The third region that defies the continent of Asia is the continent of China. Standing at the eastern edge of the Central Asian political formations and the northwestern edge of the Persian, China partook of some of the artefacts of external history, including Buddhism, Christianity, Islam. But the 'middle kingdom' was also careful to maintain its distance, only occasionally intervening, for its own purposes, in the business of others, and, for the most part, remaining disdainful of the surrounding barbarians. In the process, it insulated itself to a greater degree than its neighbours from the upheavals in the vicinity that intermittently brought about the collapse of other empires, notably the Persian, the Roman, the Arab, the Byzantine, the Central Asian and the Indo-Gangetic. China's modern history has been dominated by a concern for internal stability and more recently a search for external markets.
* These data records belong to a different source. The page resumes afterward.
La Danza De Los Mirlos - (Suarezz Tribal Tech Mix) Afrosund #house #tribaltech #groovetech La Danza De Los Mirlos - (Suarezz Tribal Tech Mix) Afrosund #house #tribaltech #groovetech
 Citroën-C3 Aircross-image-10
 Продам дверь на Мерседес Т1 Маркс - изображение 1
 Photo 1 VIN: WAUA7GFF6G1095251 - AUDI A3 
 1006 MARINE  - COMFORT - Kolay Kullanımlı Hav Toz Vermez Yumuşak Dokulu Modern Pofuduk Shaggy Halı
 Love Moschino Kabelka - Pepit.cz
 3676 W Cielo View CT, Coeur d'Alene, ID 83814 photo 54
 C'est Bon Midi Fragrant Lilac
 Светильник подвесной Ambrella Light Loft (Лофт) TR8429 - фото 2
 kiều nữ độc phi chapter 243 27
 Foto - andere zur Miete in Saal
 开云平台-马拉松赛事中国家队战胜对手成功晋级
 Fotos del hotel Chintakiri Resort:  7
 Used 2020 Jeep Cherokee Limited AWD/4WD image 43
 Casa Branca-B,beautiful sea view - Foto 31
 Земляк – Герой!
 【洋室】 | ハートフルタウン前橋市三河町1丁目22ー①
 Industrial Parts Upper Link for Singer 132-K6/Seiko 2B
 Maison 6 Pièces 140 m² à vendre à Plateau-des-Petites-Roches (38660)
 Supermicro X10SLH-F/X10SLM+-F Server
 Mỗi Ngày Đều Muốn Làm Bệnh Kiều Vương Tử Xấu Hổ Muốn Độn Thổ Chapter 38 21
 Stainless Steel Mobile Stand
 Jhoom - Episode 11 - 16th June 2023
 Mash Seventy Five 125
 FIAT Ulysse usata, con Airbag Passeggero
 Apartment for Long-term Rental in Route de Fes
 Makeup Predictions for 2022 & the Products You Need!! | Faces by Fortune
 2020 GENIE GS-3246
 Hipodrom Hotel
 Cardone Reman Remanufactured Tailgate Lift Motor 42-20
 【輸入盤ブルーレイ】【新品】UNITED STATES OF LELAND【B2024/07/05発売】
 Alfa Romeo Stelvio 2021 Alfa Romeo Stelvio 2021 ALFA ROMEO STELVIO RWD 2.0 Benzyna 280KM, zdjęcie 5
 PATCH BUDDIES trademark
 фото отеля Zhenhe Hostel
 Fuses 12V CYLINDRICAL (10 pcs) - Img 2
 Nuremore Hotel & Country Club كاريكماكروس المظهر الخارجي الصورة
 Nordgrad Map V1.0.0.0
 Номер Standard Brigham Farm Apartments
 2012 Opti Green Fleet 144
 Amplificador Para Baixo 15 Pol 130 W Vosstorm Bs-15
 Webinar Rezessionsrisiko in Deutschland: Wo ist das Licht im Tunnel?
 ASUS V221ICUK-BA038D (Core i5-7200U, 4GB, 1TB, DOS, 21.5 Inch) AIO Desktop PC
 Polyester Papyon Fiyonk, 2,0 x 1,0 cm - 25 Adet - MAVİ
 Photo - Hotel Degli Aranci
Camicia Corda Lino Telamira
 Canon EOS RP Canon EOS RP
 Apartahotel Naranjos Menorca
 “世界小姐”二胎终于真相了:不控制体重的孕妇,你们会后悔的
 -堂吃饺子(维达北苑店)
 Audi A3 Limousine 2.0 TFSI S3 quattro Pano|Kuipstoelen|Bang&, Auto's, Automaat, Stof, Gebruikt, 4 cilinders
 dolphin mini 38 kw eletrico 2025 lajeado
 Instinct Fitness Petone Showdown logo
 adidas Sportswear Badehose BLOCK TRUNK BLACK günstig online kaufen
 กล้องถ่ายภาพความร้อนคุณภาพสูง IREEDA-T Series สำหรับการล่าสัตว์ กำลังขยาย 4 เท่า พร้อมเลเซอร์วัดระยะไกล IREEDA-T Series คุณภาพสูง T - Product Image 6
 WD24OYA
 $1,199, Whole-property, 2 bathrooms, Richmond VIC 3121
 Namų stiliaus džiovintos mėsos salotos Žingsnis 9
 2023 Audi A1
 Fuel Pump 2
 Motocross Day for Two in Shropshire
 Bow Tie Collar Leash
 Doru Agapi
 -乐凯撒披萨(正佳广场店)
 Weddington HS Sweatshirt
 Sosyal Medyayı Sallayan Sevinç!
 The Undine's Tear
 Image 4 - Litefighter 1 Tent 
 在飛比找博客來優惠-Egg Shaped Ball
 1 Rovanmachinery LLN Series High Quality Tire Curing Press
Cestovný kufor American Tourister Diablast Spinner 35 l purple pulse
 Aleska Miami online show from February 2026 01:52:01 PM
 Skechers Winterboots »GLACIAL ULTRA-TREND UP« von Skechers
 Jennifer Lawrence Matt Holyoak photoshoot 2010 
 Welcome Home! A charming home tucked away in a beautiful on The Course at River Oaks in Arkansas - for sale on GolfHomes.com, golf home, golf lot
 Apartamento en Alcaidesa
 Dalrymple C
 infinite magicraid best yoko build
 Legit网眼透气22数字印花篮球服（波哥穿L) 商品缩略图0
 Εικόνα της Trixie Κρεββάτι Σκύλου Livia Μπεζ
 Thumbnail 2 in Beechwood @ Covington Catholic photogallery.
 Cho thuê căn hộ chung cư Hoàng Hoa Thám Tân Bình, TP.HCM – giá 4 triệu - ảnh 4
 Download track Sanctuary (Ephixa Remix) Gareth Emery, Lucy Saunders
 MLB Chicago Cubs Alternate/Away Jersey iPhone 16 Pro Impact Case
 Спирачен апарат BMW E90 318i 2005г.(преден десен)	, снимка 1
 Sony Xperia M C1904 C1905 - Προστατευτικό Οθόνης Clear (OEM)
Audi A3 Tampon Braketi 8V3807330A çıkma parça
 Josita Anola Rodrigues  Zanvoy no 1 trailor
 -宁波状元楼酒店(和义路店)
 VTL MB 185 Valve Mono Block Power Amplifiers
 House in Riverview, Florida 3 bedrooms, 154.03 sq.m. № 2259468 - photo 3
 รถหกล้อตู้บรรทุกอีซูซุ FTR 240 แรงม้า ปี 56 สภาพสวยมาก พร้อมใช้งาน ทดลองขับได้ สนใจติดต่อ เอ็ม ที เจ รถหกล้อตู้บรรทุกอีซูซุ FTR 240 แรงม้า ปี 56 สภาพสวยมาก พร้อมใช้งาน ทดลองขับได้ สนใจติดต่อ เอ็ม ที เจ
Meanwhile, Japan and South Korea, which participated in the history of the landmass in their own detached but real ways, have practically seceded from Asia over the last century. Japan, in fact typifies the paradox of Asia. Having intellectually stimulated the concept of Asia for the first time, following its military victory over Russia in 1905, it was also the first to launch a modernisation drive that was explicitly based on the idea of escaping Asiatic backwardness.

Southeast Asia to all outward appearances presents the picture of being a self-contained region, largely because of its recent history of economic cooperation and its collective plunge into a globally publicised financial crisis. But the appearance is deceptive. Southeast Asia is unique for having seriously attempted to constitute itself into a region, but the effort has not been entirely successful. And, to the limited extent that a region has been moulded, its orientation is westward economically, and in, a more ambiguous fashion, culturally. Curiously, while the term Asia has more popular currency here than elsewhere, the definition here tends to be narrower and more self-referential than inclusive.

A possible Asia

The evidence of history is stacked against the idea of Asia. But this historical lack of an Asian coherence is not a necessary impediment to the realisation of a continent of the future. The European experience offers conclusive proof that history can be overcome. History weighed just as heavily against Europe as it does against Asia. Europe was just as similarly lacking in coherence and definition until just after an internecine war that brought it practically to the brink of extinction a little over five decades ago. Yet Europe today has a greater clarity about itself and its past than it or any other continent has ever had. It is the only continent of which it is legitimately possible to refer to in any collective sense.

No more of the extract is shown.